Os organizadores Esmeralda Ribeiro e Márcio Barbosa afirmaram, na apresentação do livro, que os cadernos de muitas vozes avançam no tempo permitindo que essas vozes, suas poéticas, construam caminhos de reflexão, afeto e felicidade, para serem trilhados coletivamente. Na “percorrência” dessa trajetória em que acreditamos ser constelações de escritores e escritoras deste volume 41 a outros tantos artistas e ativistas negros, juntam-se uma miríade de asterismos de vários tempos, textos, ideias, fabulações, jogos da/sobre a língua(gem) e culturas.

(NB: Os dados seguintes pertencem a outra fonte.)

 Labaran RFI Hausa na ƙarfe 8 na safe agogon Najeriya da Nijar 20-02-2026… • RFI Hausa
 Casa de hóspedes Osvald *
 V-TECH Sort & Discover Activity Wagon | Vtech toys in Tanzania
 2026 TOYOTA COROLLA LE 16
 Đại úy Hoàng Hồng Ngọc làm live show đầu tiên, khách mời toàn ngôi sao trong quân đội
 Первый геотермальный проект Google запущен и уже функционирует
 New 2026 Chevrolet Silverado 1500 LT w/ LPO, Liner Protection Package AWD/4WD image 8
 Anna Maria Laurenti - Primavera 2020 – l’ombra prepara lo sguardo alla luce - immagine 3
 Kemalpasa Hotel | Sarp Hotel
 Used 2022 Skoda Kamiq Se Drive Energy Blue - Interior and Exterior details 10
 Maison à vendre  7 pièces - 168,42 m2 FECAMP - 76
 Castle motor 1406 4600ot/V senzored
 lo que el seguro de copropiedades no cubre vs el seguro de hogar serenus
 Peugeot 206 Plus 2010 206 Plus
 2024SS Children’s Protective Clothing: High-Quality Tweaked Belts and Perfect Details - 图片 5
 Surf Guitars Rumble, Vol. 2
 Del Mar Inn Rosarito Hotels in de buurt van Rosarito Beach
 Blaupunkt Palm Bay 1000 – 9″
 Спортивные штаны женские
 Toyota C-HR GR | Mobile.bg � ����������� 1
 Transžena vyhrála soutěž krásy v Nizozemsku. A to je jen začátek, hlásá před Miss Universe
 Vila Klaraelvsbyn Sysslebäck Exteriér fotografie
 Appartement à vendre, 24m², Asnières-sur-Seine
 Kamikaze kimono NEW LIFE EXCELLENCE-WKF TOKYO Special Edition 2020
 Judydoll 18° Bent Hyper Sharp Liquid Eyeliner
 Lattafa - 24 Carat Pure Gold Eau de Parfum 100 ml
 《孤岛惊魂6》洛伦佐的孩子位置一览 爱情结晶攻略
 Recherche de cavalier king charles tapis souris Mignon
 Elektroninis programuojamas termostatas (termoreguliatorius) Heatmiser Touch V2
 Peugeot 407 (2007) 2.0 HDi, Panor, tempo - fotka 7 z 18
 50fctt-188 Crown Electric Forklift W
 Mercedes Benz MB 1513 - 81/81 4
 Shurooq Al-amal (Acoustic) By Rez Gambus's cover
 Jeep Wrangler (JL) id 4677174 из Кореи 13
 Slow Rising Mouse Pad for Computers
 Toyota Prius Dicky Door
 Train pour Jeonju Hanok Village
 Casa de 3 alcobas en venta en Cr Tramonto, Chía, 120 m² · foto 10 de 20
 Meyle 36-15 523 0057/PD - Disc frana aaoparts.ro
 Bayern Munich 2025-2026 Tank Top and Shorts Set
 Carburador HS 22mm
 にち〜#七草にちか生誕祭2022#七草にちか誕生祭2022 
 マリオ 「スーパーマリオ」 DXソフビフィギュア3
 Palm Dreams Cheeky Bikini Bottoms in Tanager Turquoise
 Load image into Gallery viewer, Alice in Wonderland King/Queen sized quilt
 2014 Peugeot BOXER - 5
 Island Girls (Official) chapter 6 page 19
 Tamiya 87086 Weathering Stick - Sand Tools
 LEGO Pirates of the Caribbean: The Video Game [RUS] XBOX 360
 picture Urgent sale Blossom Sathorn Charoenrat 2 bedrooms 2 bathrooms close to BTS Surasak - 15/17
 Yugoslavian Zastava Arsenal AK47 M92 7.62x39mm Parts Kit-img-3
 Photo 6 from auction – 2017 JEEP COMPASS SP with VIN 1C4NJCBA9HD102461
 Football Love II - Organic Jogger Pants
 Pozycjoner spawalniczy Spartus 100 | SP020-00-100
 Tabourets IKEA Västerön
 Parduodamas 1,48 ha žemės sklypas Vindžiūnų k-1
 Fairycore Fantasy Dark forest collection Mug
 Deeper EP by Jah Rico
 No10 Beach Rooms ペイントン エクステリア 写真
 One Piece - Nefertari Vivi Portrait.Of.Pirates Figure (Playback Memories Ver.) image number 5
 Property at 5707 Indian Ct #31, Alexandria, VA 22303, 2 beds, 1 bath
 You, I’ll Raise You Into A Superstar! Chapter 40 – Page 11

Esses tempos e seus segredos se roçam e, numa ação exuzíaca, revelam o que são suas dobras, fraturas e acúmulos de ruínas, escombros, esqueletos. Quando se esbarram e as pontas se fundem causam faíscas que permitem entrever os fragmentos de outras épocas e lugares e, com isso, se pode ver e enxergar como é persistente o imaginário racista sobre o negro, mas também a resistência dos ancestrais, como podemos perceber no poema “Modus Vivendi”, de Zainne Lima da Silva, em que a voz poética se aproxima de uma senhora negra e, com isso, percebe que escreve porque essa senhora há tempos resiste.

Em relação aos últimos volumes anteriores a este, são continuadas as epígrafes antes da seleção das poesias de cada poeta, que são frases/pensamentos sobre a própria escrita. Longe de encerrar a leitura do texto, elas contribuem para os descentramentos, próprios da arte literária, que os poemas causam no livro como ideia de livro. Eles engendram a poesia como desafio da linguagem; que consome o ser e o alimenta. Uma oscilação entre escrita e recepção; lúdico como ação de aprendizagens, nesse potencial de transformação de mentes.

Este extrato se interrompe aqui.